Window Treatments: Strip mall shops invariably have a large expanse of glass facing the store front. In the case of our strip mall, the store fronts' glass faces east. In each of the shops in which temperature and AC use was monitored, we observed the pronounced impact of the windows on early morning comfort and cooling electrical demand (see Figures 27-35). Infrared thermography (Figure B-3) provides a graphic illustration of the influence of the east windows. By continuing to monitor the same facility for another summer we could easily retrofit on better shades/window film and or/sun-screens to examine how such treatments can impact morning AC demand. Further monitoring might want to locate a mall with the store front windows facing west to examine how afternoon peak loads might be effected. Given what was observed in this project, we would expect that a utility program which targeted malls for window treatments with storefronts facing south, southwest, west or northwest would find very beneficial impacts on afternoon utility coincident peak demand.

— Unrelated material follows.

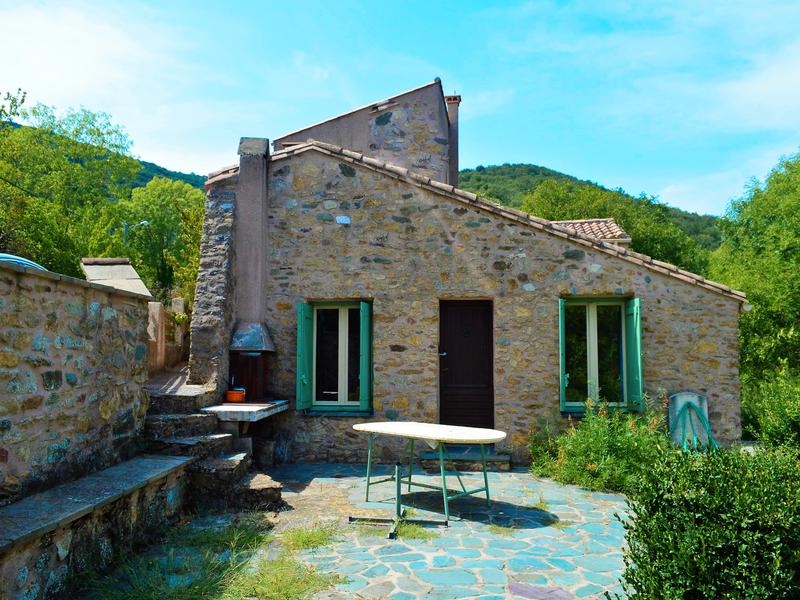 House for sale in ST CHINIAN Herault Close to SaintChinian, in a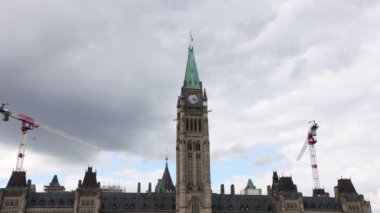 Kanada 'nın Ottawa şehrinde gökyüzünde bayrağı bulunan Kanada Parlamentosu Barış Kulesi.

Reflective Wall Surfaces: The brown metal wall surfaces of the project mall were found to get very hot when exposed to the sun. The walls contain R-11 insulation between metal studs. Infrared thermography of the exterior (Figure B-4) showed that similar to the roof the wall temperature were strongly effected by shade from plants and color (see the edge of the white garage access off to the far right). We could also experiment with light colored wall surfaces to examine their impact on cooling energy use.